Ayyyyye! These are SO good, girlfriends and dude friends.
I am currently in full-on heavy planning for Thanksgiving and this year it feels like SO much earlier than usual. Thanks so much for all your feedback about Classics vs. Twists. It was so interesting hearing everyone’s opinion on it.
I think I feel similarly like all of you: mostly classics on the savory stuff but TONS of twists and fun with desserts.
I think I’m going to bring a few classics. Like how I get the fluffiest of fluffy mashed potatoes and give you some fun twists on desserts.
This fine specimen you see in the photos is something that could definitely be served at Thanksgiving. The big, gigantic bonus is that it uses store-bought pizza dough (and yes, you can make a homemade batch too). It saves on a ton of time so it’s basically just an assembly-type recipe.
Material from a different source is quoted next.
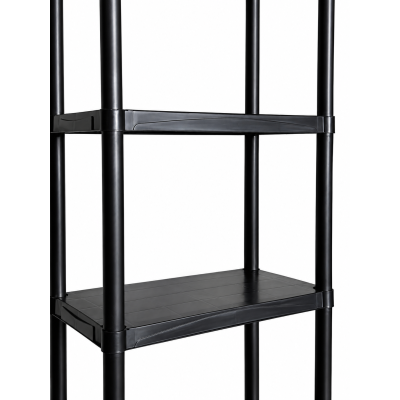 Стелаж пластиковий PRIMA HOME (133,5 х 60 х 30 см) 4 полиці, навантаження 160 кг, для складу гаража підвалу (Чорний) Стелаж пластиковий PRIMA HOME (133,5 х 60 х 30 см) 4 полиці, навантаження 160 кг, для складу гаража підвалу (Чорний)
Moving to the suburbs of LA has kinda forced Josh and I to explore the chain restaurants of our childhoods. Some are just as good as we remember them. But others….eeesh. I feel like I remember them being so much more awesome back then.
I feel like garlic knots are those things that are still awesome at Olive Garden but why not make a homemade version, especially when we can make it taste better.
This recipe starts with roasting dat garlic.
We’re using an entire head of garlic here and it’s amazing. I just squeezed it out into of bit of room temperature butter with crushed red peppers, salt and dried oregano.
We’re going for classic, Italian-pizzeria type content, ok.
Another big bonus with this recipe is that it uses store-bought pizza dough. Of course, you could make your own but I used store-bought and it saved a ton of time and made me excited to start the assembly process.
I divided the dough into twelve pieces. And rolled them out into strips. THEN I smothered them with the butter/garlic mixture and that’s kinda it!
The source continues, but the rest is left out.